Over the last few years, AI has become a C-level matter. However, defining an AI strategy and adopting AI tools and ML solutions cannot simply be mandated top-down. AI initiatives need to come from the ground up. All organizational units should assess their AI readiness and how they can contribute to overall strategic goals by adopting AI tools and developing data-driven solutions.

So how should you approach your AI strategy? How does your use case contribute to the strategic goals of your organization? Does the project require training your own model? Are today’s foundation models reliable enough for your use case? What kind of effort and investment is required to implement an AI use case? How will it affect your existing processes?

A methodical approach can help answer these questions and develop a clear roadmap for implementation.

intive’s AI Framework

Stage 1: Discover

The first step is the discovery stage. In a four-week process, we dive deep into gaining a common understanding of business objectives and functional requirements, as well as the pain points we wish to address with AI.

We ideate AI use cases with the help of our cross-functional teams, including AI experts, business analysts, product designers, and solution architects.
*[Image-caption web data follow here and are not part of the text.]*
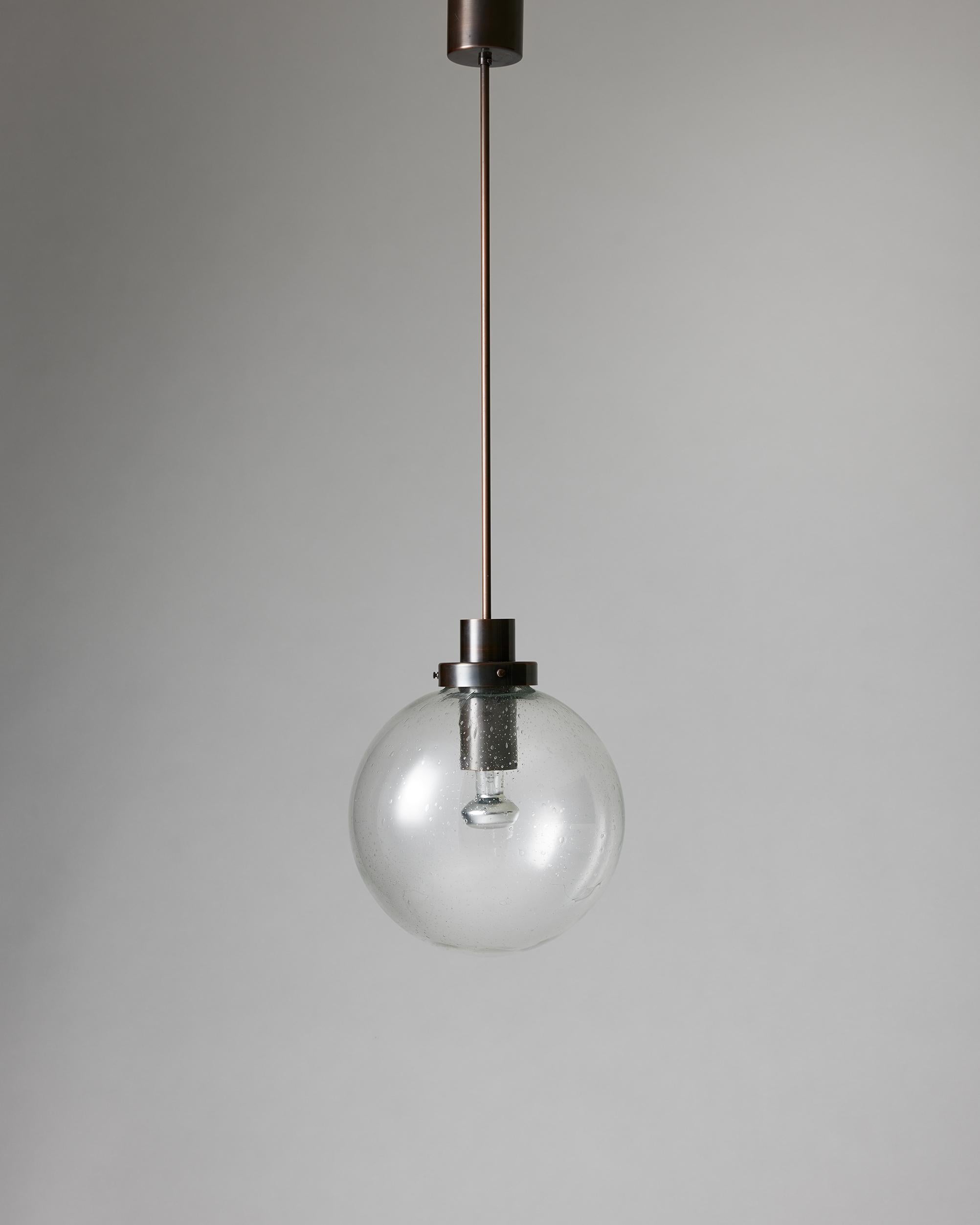 Ceiling lamp model 532 designed by Hans-Agne Jakobsson for AB Markaryd, Sweden, 1960s

Stamped.

Metal and glass.

Total height: 102 cm
Pendant height: 37 cm
Diameter: 22 cm

Active between the 1950s and 1970s—in the golden age of Scandinavian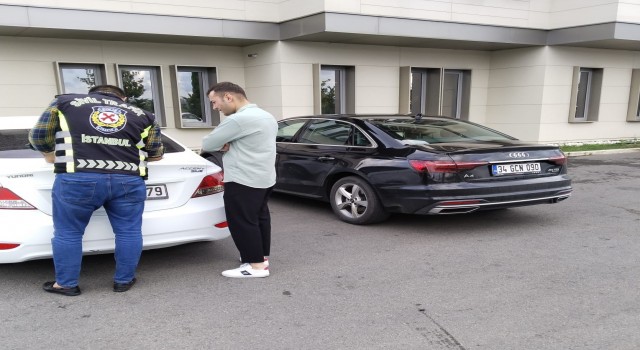 Kağıthanede emniyet şeridini ihlal eden sürücüye ceza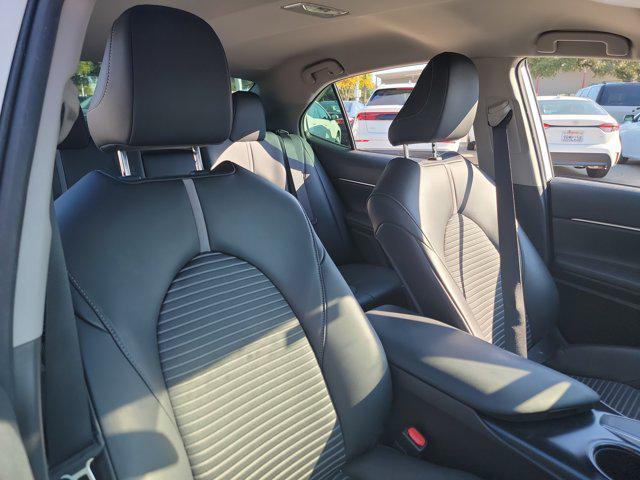 Photo of 2020 Super White Toyota Camry
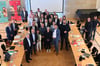 Gruppenfoto der Verwaltungschefs mit Halles Oberbürgermeister Dr. Alexander Vogt (Mitte) bei ihrem Treffen in Halberstadt.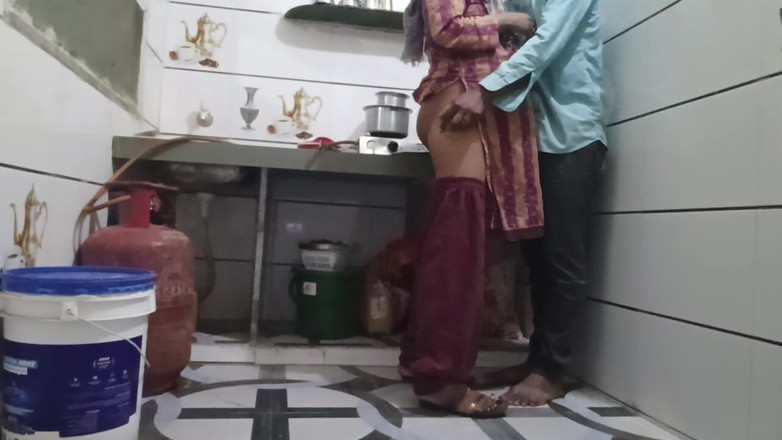 Bhabhi UP: Jiran pertama kali memasuki dapur
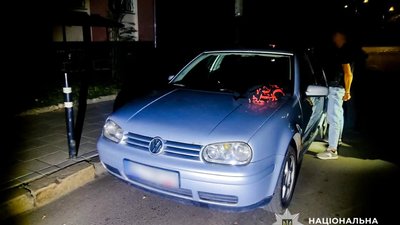 На Рівненщині чоловік з подвір'я викрав автомобіль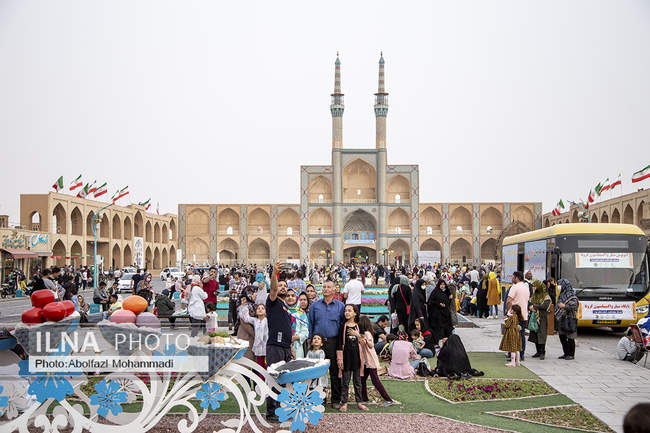 گردشگران نوروزی در مجموعه تاریخی امیرچقماق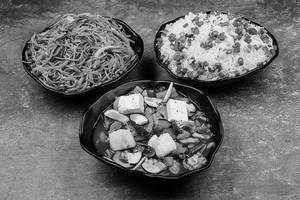 Exotic Veggie & Paneer With Rice & Noodles Party Combo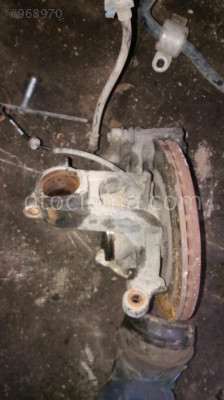peugeot 301 çıkma sağ taşıyıcı porya
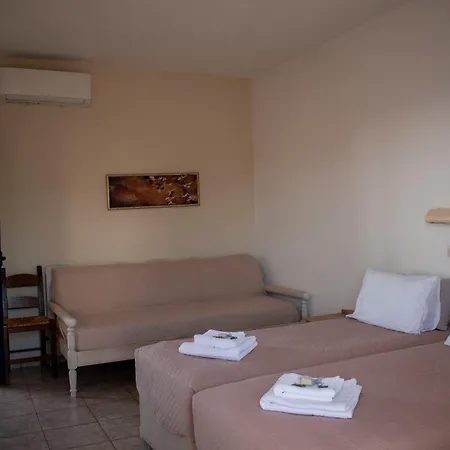 Voukelari Rooms-2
We collaborate with your visionaries, decision-makers, and domain experts and build a roadmap of initiatives, from low-hanging fruit to strategic initiatives.

We assess their feasibility and business value to provide a solid basis for prioritization. Up to eight initiatives will be prioritized to be validated in a proof-of-concept.

Stage 2: Leverage

Stage two is all about validating the prioritized solution proposals with proof-of-concept implementations.

One approach we like to follow is doing a so-called Sprint Zero for each of the prioritized use cases. Our team will build a high-level solution architecture and MVP implementation plan, define the initial backlog, and build clickable mockups and a functional prototype. The tangible outcome of these sprints will allow informed decision-making when prioritizing the most valuable use cases for full-scale implementation.

Depending on the complexity of the prioritized problem statements, we may then continue to implement a proof-of-value or start working on the first MVP directly.

Stage 3: Productionize

Once we’ve validated the feasibility and value of a solution, we move to the productionize stage. This is where we integrate the solution into new or existing infrastructure and deploy AI models into productive environments, ranging from edge devices to cloud platforms. Our focus here is on working together in cross-functional teams to build end-to-end AI applications.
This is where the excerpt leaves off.